Feb 24, 2007 at 2:55 AM Post #3 of 13
I clean my tubes pins with a very thin layer sand paper from Home depot. At the end, I use 90% alcohol to clean the residues and also to clean the tubes. I use alcohol to get rid of any hands grease, left over the tubes.
 
Feb 24, 2007 at 8:01 AM Post #4 of 13
Quote:

Originally Posted by mrarroyo /img/forum/go_quote.gif
Use a toothbrush to remove the heavy crud (a brass/copper type would work if you are very careful).

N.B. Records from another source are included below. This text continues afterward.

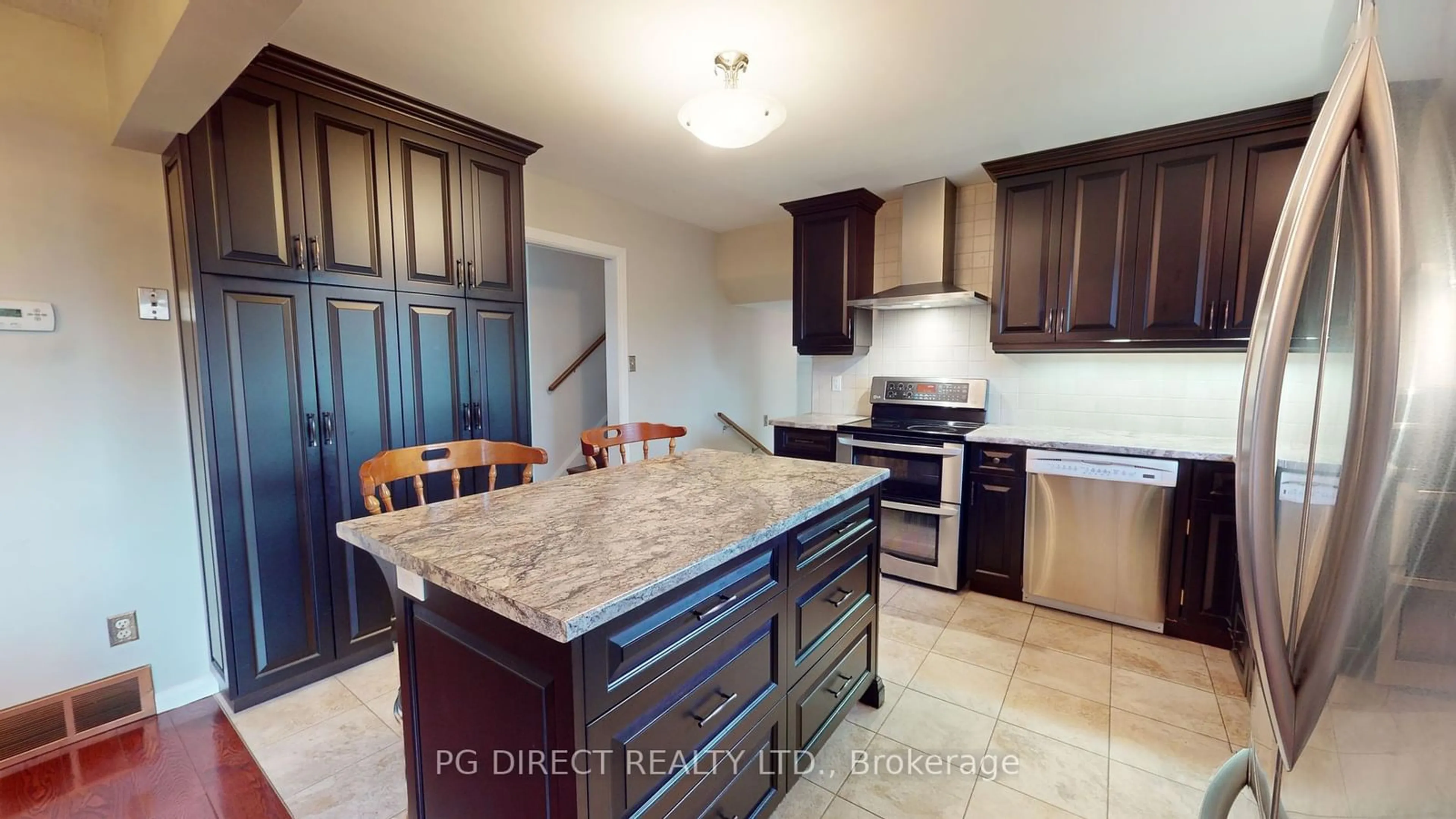 Open concept kitchen for 8 Champlain Pl, Guelph Ontario N1G 3C2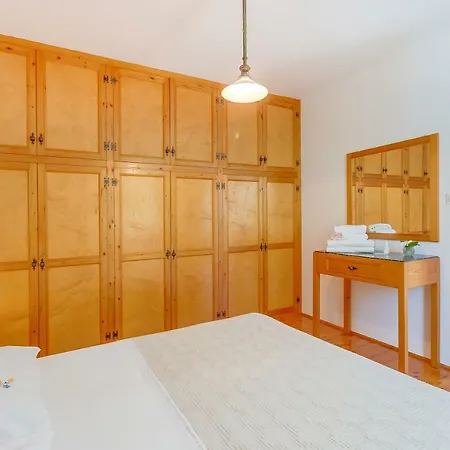Pia Apartment *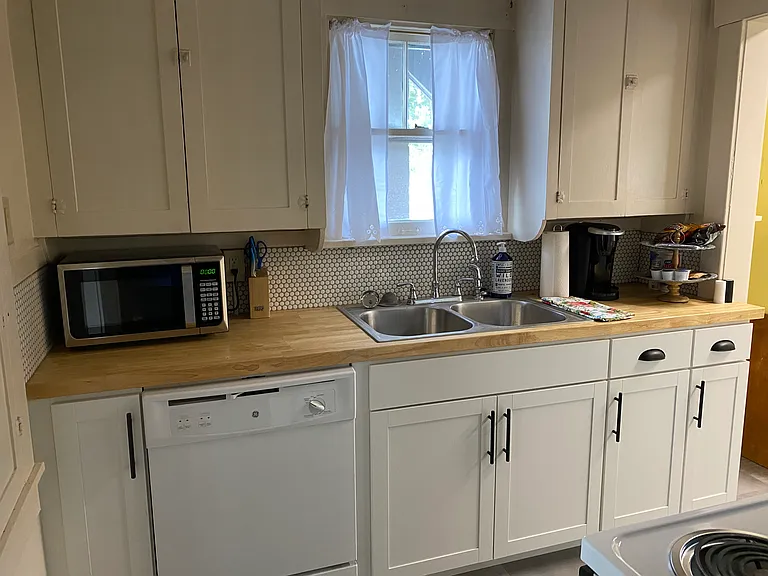 306 E 27th St #3 — Photo 7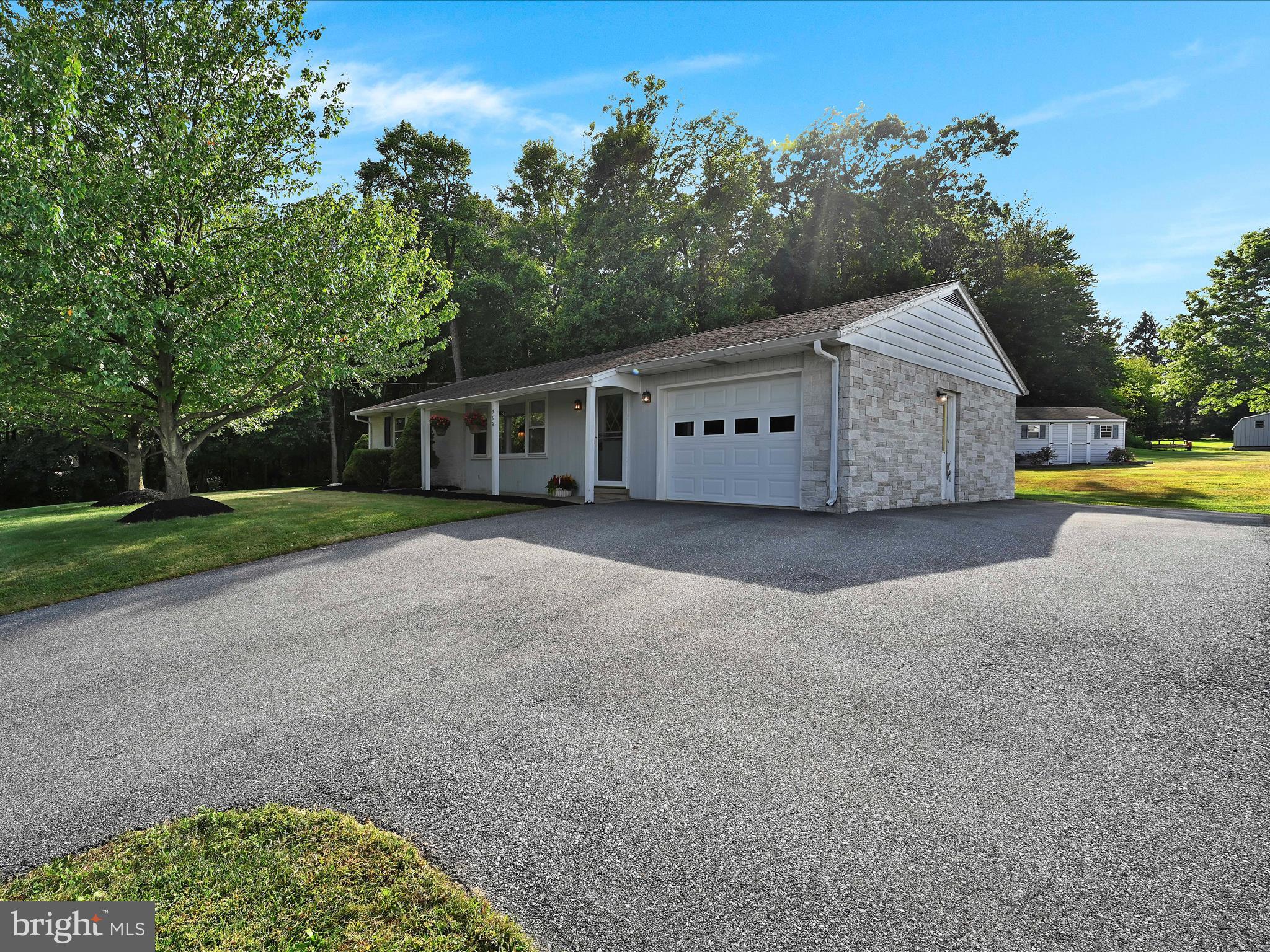 369 Golf Road Myerstown, PA 17067 - Photo 25 of 38 Driveway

Then get an old socket and plug in and out a few times to remove the rmaining oxidation.


This is one of the ways I have thought of, feasible but kind of rude
280smile.gif
The tubes are 9 pins small preamp tubes and date codes were printed on the bottoms. I have to clean the pins very carefully in order to not hurt the white chalk printed codes as well as the printing on the tubes. It's hard! What actually I am thinking about is to use specific chemical matter like hydrochloric or sulfuric acid to break down the coated oxide. But acids may erode the metal pins at the same time and operation of them are too dangerous. I know some tube dealers decompose oxide by electrolyzing them. It must be the best way to refurbish tube pins.
 
Feb 24, 2007 at 8:04 AM Post #5 of 13
Quote:

Originally Posted by TURBO /img/forum/go_quote.gif
I clean my tubes pins with a very thin layer sand paper from Home depot. At the end, I use 90% alcohol to clean the residues and also to clean the tubes. I use alcohol to get rid of any hands grease, left over the tubes.

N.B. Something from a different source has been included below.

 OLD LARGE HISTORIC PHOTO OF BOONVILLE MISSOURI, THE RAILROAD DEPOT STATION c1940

Thanks, I will try alcohol.
smily_headphones1.gif
 
Feb 24, 2007 at 9:03 AM Post #6 of 13
I've cleaned many tube pins with 0000 (four-odd) steel wool. It's easier to use than sandpaper and is very fine. It will remove the oxidation, but should not remove much more.

There are a few things to be careful of, though. The steel wool drops off fibers, so do not clean the tubes over the chassis. It will fall in and potentially cause problems. Do it over a newspaper. Second, you'll have a few fibers left behind on the tube. Buy a small, cheap painting brush ($1 or less) and trim the bristles back to make the brush stiff. This will brush off any residual steel. It's useful for dusting, etc. as well. Third, they put a light oil in steel wool to keep it from rusting. Cleaning the pins will leave some oil on them. I always use a paper towel with denatured alcohol on it to clean the oil off the pins. Finally, use something like De-Oxit on the pins to keep them nice.

This takes a little time and effort, but the tubes clean up nicely.
 
Feb 24, 2007 at 2:43 PM Post #7 of 13
First, remove the big stuff by light mechanical abrasion (ie. wipe them off using mild abrasiv like Fitz polish) Then CAIG's DeOxit if they are common metal or CAIG's ProGold if they have precious metal plating. This will clean and condition the pins for optimal mechanical connection.
 
Feb 24, 2007 at 4:20 PM Post #8 of 13
Try Coca-cola at your own risk!!! Seriously Coca-cola is an amazing cleaner - put a dirty copper coin in the liquid and leave it overnight and see for yourself.

Suggest you stand the valve upright with the pins in Coca-cola but just below the level of the base. You will probably need to leave it overnight then just clean off.
 
Feb 24, 2007 at 6:20 PM Post #9 of 13
Quote:

Originally Posted by edisonwu /img/forum/go_quote.gif
This is one of the ways I have thought of, feasible but kind of rude
280smile.gif
The tubes are 9 pins small preamp tubes and date codes were printed on the bottoms. I have to clean the pins very carefully in order to not hurt the white chalk printed codes as well as the printing on the tubes. It's hard! What actually I am thinking about is to use specific chemical matter like hydrochloric or sulfuric acid to break down the coated oxide. But acids may erode the metal pins at the same time and operation of them are too dangerous. I know some tube dealers decompose oxide by electrolyzing them. It must be the best way to refurbish tube pins.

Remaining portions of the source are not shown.